== Assignment ==
The material below is to be copied exactly from the line with "3346 W Good Avenue, Visalia, CA 93277" up to and including the line with "189 S Grove Avenue, Elgin, IL 60120", with nothing else kept and no pictures.

== Raw data ==
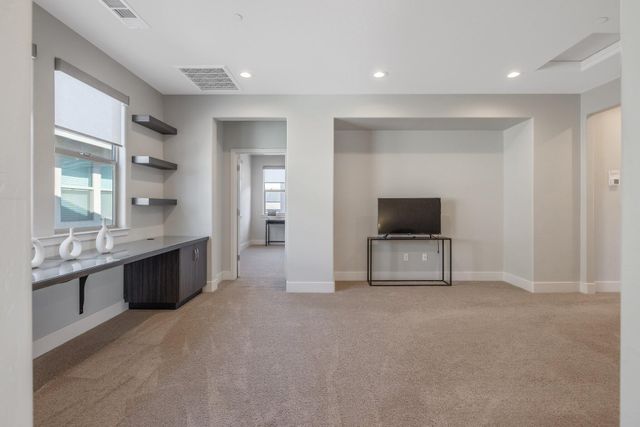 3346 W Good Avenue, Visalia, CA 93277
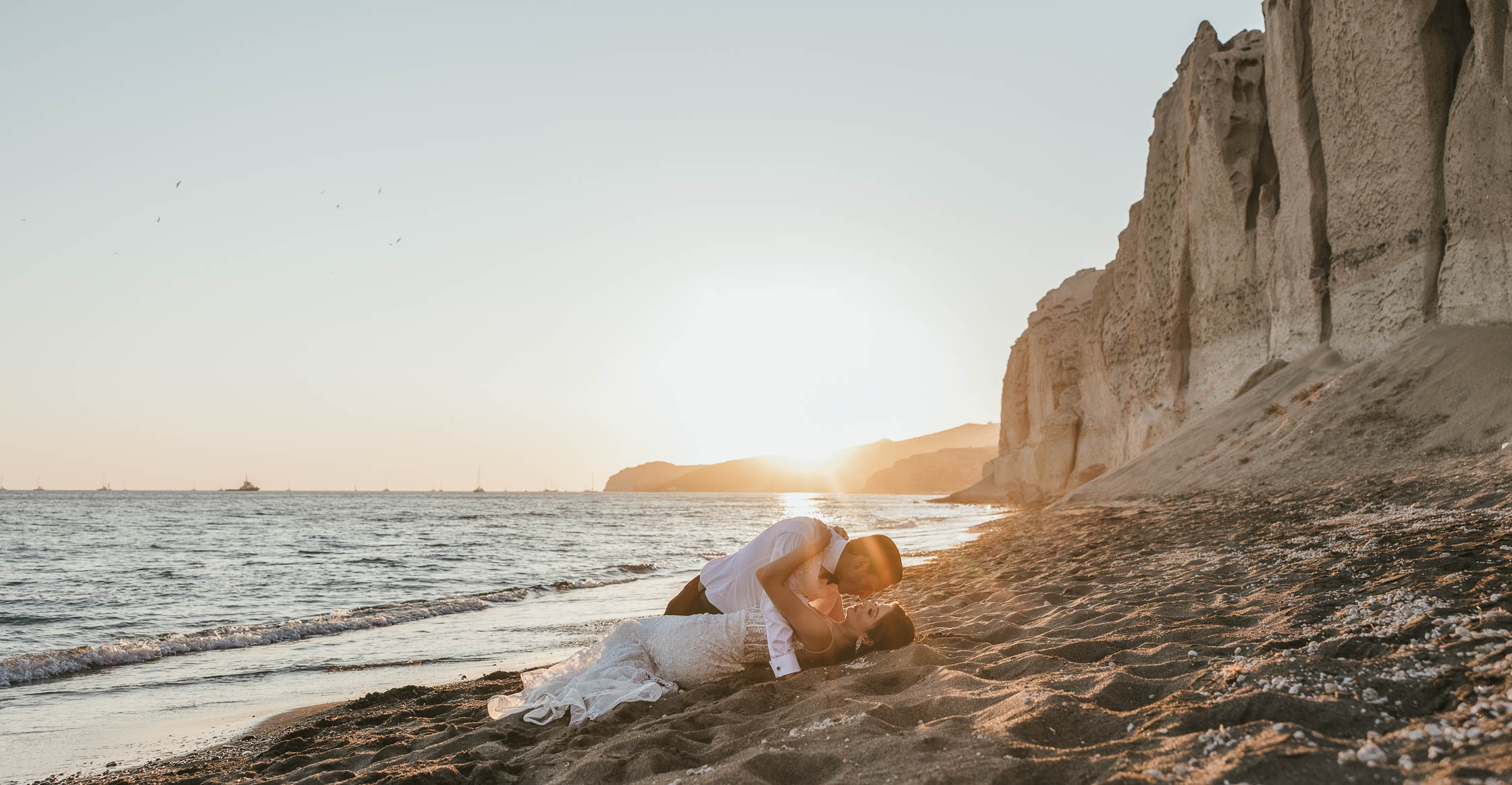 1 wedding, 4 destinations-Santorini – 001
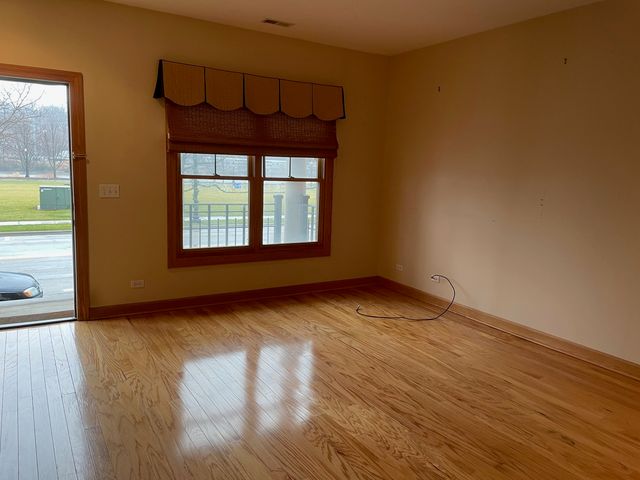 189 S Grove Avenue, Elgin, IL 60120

---

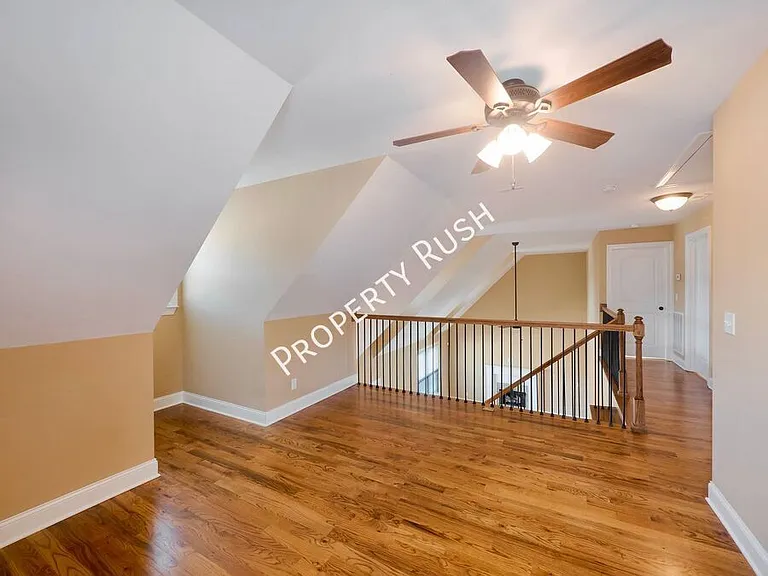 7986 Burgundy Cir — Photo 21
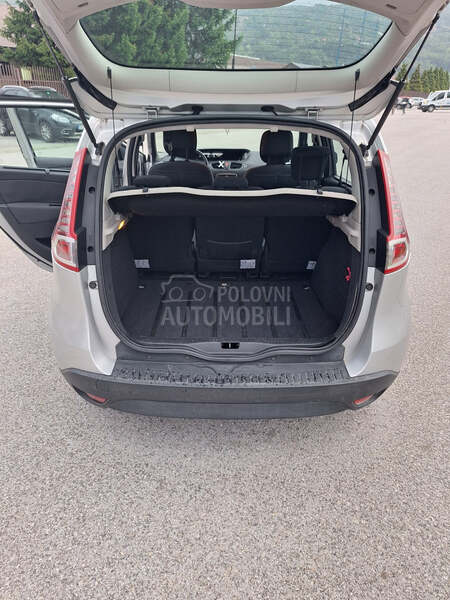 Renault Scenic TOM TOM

...

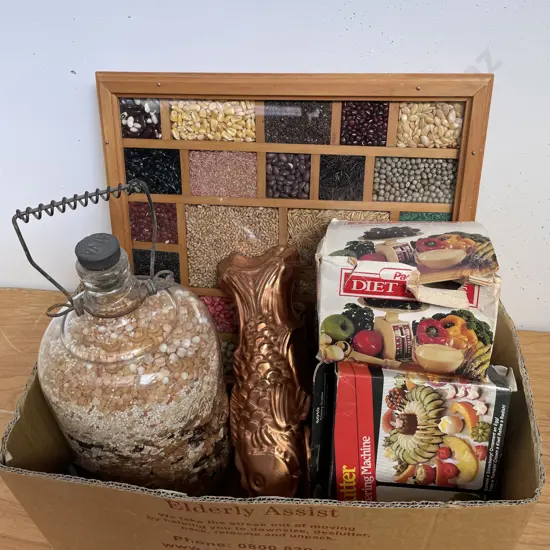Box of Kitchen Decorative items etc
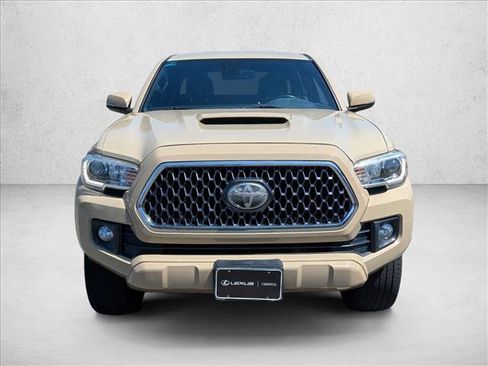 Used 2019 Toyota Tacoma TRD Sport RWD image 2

== Exercise output ==
 3346 W Good Avenue, Visalia, CA 93277
 1 wedding, 4 destinations-Santorini – 001
 189 S Grove Avenue, Elgin, IL 60120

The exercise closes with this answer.